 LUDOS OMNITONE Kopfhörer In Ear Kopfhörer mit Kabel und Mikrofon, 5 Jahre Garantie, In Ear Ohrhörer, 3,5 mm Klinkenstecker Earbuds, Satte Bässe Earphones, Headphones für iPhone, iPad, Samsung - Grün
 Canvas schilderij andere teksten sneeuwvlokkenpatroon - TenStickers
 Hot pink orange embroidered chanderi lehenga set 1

Assignment -
Transcribe each line above exactly; skip none.

Exercise output -
 LUDOS OMNITONE Kopfhörer In Ear Kopfhörer mit Kabel und Mikrofon, 5 Jahre Garantie, In Ear Ohrhörer, 3,5 mm Klinkenstecker Earbuds, Satte Bässe Earphones, Headphones für iPhone, iPad, Samsung - Grün
 Canvas schilderij andere teksten sneeuwvlokkenpatroon - TenStickers
 Hot pink orange embroidered chanderi lehenga set 1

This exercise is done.